‘Tis true, for this post I dined in a castle and a cake house. There were drawbridges and moats and gables made of gingerbread.
Not really, but it was still tasty.
I figured it was about time I went specifically for bubble tea, so we could begin our long and complex look at this big-cupped, giant-strawed, tapioca-filled piece of Richmond food culture. Until this year, I’d only ever had bubble tea once, when my first-year university roommate gave me a sip of her lychee juice with tapioca. Honestly, I thought the pearls were weird (and nearly choked on the first one as it came barrelling up the straw towards my unexpecting throat), and found the juice to be too sweet. Almost syrupy. Being the young, judgemental 18 year-old I was, I decided “nope, I don’t like bubble tea,” and didn’t touch it again until I’d reached the wise old age of 27. I somehow failed to add it to my list of “things to keep trying until I like.”
The culture of bubble tea is said to have originated in Taiwan in the early 1980′s, and has grown globally. The drinks are especially popular amongst kids and teenagers, who crowd into bubble tea houses to share food in groups, or huddle in pairs over one big cup with two straws, as advertised here. How romantic!
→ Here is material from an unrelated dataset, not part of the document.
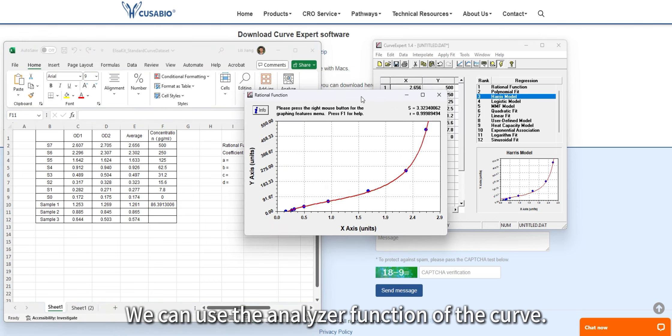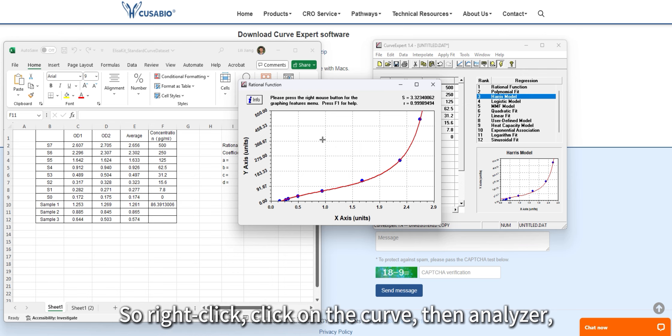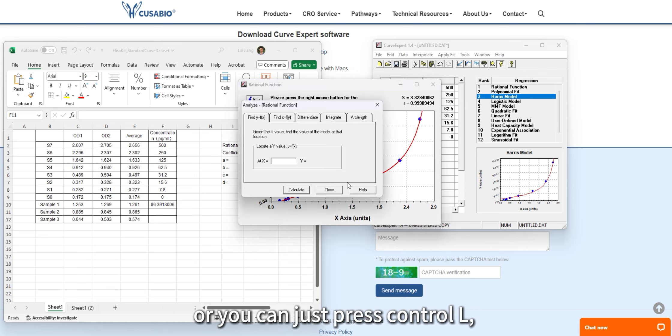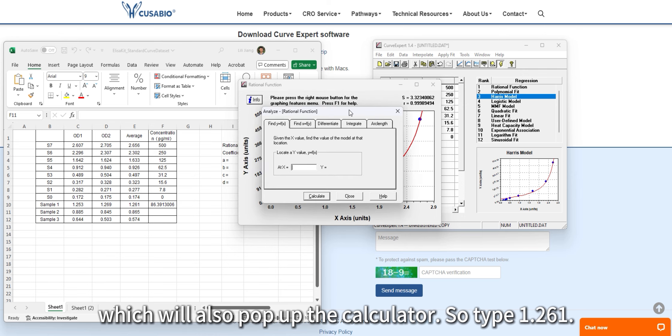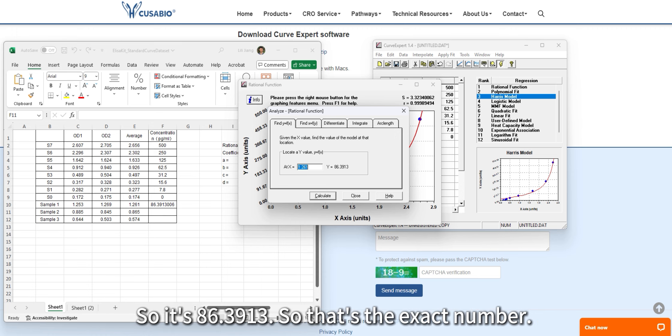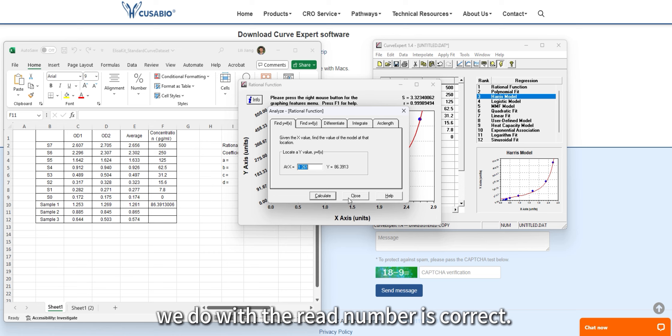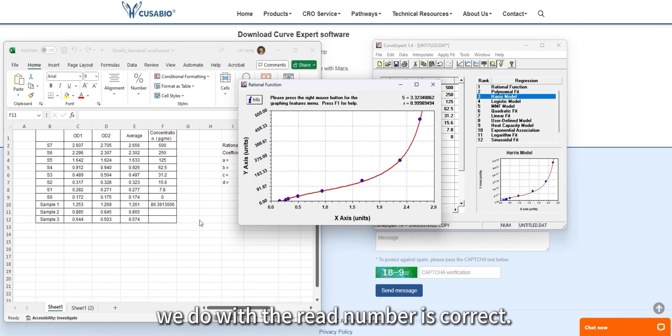We can use the analyzer function of the curve. Right-click the curve and select Analyzer, or press Control+L to open the calculator. Type in 1.261 and you get 86.3913. That's the exact same number, so our function is correct.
Shops usually carry about 1001 flavours (I exaggerate, but sometimes it seems like that many when you’re trying to choose), and the quality of the tapioca pearls found within the drinks can vary, as can the cubes of grass jelly, coconut jelly, or the various other textural add-ins available.
My first official stop on the 365 bubble tea tour was Pearl Castle, located in Richmond Centre. I decided to go for a classic milk tea with grass jelly ($5.45), and when the server asked “would you like tapioca pearls as well?” I couldn’t resist. I do love of extra ‘stuff’ (in a DQ blizzard – yes please!) however I regretted it in this case. By the time the grass jelly and pearls were in there, there was hardly any room for the milk tea, which was creamy, barely-sweetened, and refreshing! I wanted more drink and a little less chew. A lesson for next time.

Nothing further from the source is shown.